Consumer Electronics

IDC Sees 4.9% Global Semiconductor Growth in 2013

International Data Corporation (IDC) has projected that global semiconductor revenues will be up by less than 1% in 2012, reaching about $304 billion. That is not good. The growth for 2013 is now being projected to be by 4.9% to $319 billion in 2013. The projection is for compounded annual growth of 4.9% from the years 2011 to 2016 to a final $368 billion in 2016.

The blame for such weak growth was on weakness in PC demand, DRAM and overall memory price deterioration. Other issues cited were inventory rationalization, global macroeconomic uncertainty, lower global GDP growth, a slowdown in China, the eurozone debt crisis and recession, Japan’s recession and fiscal cliff fears. Corporate IT spending also has affected global semiconductor demand this year.
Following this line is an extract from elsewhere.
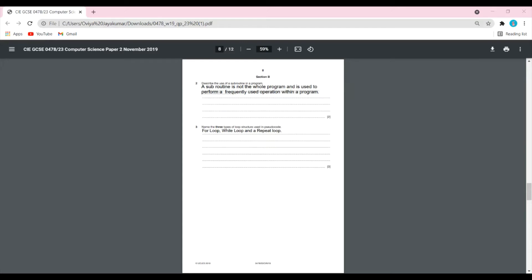Welcome. Today we're going to solve IGCSE Computer Science October/November 2019 Paper 23, which means it's Paper 2, Variant 3. It's basically the programming and pre-release paper, and we're going to solve Section B of this paper.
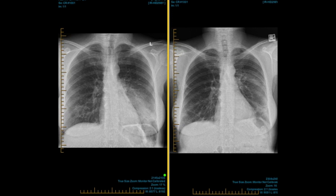Here we see her chest x-ray four weeks after treatment, with the recent x-ray on the right. Although there is still some residual abnormality, there is certainly significant improvement which is encouraging. She does need another follow-up x-ray to make sure the lung is completely clear.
Here is the 2013 Chip Forecast from 24/7 Wall St. looking for the winners and losers for investors next year.

The news is not all bad. Mobile chip sales have been strong due to demand for smartphones and tablets, and other bright spots have been in set-top boxes and automotive electronic systems.
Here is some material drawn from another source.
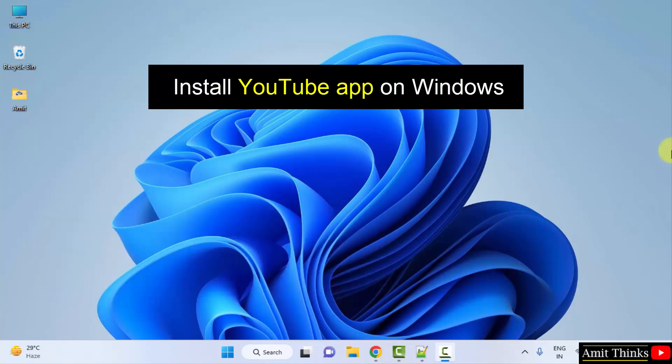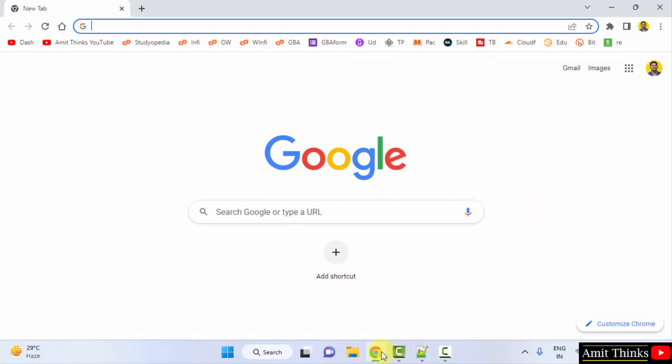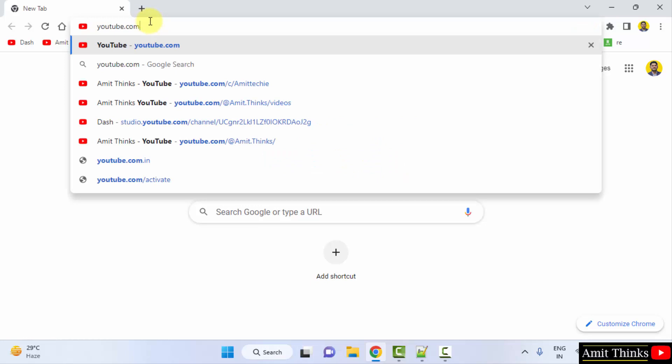For that, go to the web browser. I am using Chrome, you can use any web browser. Just open YouTube and press Enter.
IDC said that it now expects chip inventories to reach a balance with demand in the second quarter of 2013, and it expects that the growth will resume in the second half of 2013. Our problem with this is that its is based on today’s economics and not the economics of falling over the fiscal cliff. If the U.S. dips back into recession, then we fear that the growth projections being so back-end loaded will not materialize until 2014. IDC itself does use a lower but still positive global GDP growth in 2013, which we argue would be at risk if the fiscal cliff is not resolved and the U.S. falls back into recession.